井の頭線いつからアジサイ有名に? イメージアップだけじゃない「植えた目的」
京王井の頭線の線路沿いで、アジサイが見ごろを迎えています。実は同線がこうした“花の路線”になったのは近年のこと。アジサイはある意図をもって植えられたものでした。
いまこそぶらり途中下車したい井の頭線
2022年6月現在、京王井の頭線で線路端のアジサイが見ごろを迎えています。京王電鉄もアジサイをデザインしたヘッドマークを列車に掲出するなどPR。平坦な区間だけでなく、車窓から家々が見えづらくなる堀割の区間も、斜面にアジサイが大輪の花を咲かせています。

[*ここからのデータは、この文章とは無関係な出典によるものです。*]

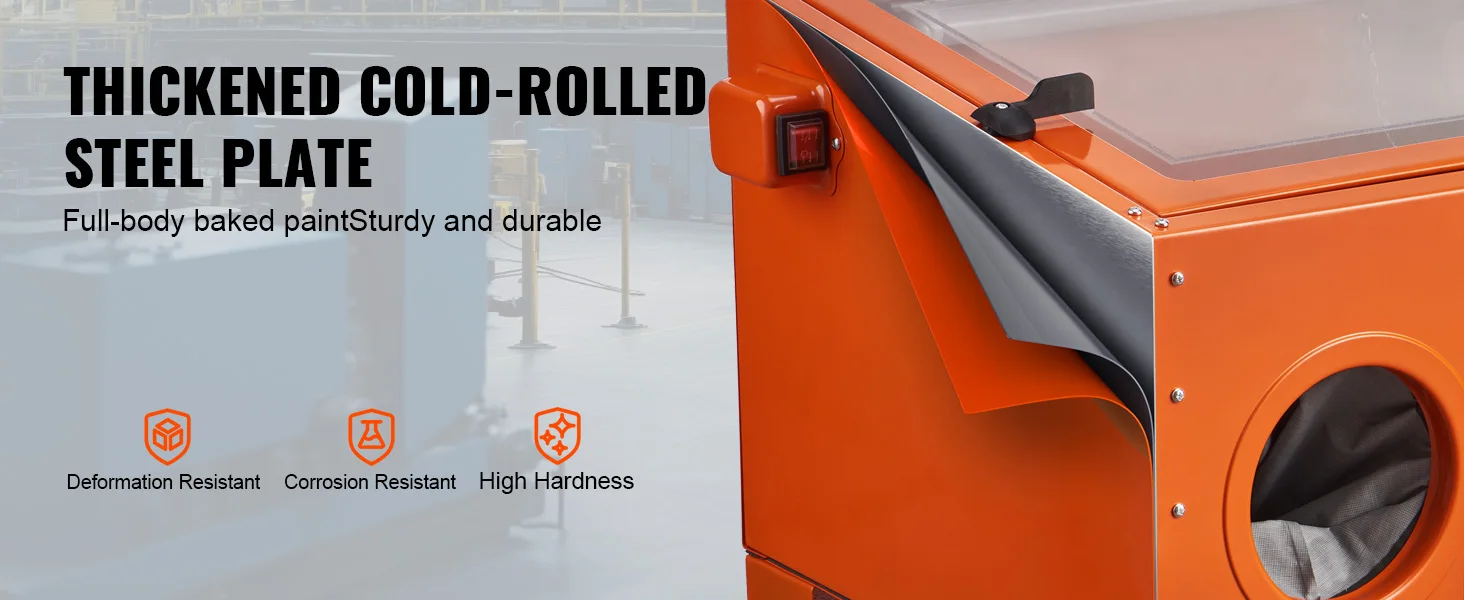 SucceBuy Sandblasting Cabinet 25/40/60 Gallon Portable Benchtop Sand Blaster with Blasting Gun Nozzles for Paint Stain Rust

ただ、「昔は他の線区の斜面と同じく、草の生えた土構造物」でしたと京王電鉄は話します。いまの風景は、1990(平成2)年から線路端にアジサイやサザンカ、ツツジといった植物を植えてきた結果だそう。
その目的は、乗客の目を楽しませるだけでなく、雨による斜面の崩壊を防止するためだそう。これら植物は根を広く張るためです。
「環境対策と沿線のイメージアップを兼ねて植栽を行ってきました。おおよそ10年くらいで現在のように育ちましたが、その後もメンテナンスを行っています」(京王電鉄)。現在、沿線のアジサイはおおよそ2万4000株に上るそうです。
井の頭線は昭和初期の開業。東京の私鉄でも後のほうにできた路線で、主要道路と立体交差するため、築堤や掘割の区間が多いのが特徴です。その斜面を保護するアジサイで彩られた車窓は、ある意味、井の頭線ならではの特徴のひとつといえるかもしれません。
ちなみに、鎌倉などもアジサイで有名ですが、これも、斜面の崩壊を防止する目的で植えられたものといわれています。鉄道では、山岳区間をゆく箱根登山鉄道なども、アジサイが見事な路線として知られます。